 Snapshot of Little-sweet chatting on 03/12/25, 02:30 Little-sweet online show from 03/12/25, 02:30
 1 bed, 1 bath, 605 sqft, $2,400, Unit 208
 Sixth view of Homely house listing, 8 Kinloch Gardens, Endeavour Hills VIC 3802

§ **Problem details**: The response is the exact set of lines from the one holding "1 bed, 1 bath, 605 sqft, $2,400, Unit 208" through the last line of the material.

§ **The completed task**:
 1 bed, 1 bath, 605 sqft, $2,400, Unit 208
 Sixth view of Homely house listing, 8 Kinloch Gardens, Endeavour Hills VIC 3802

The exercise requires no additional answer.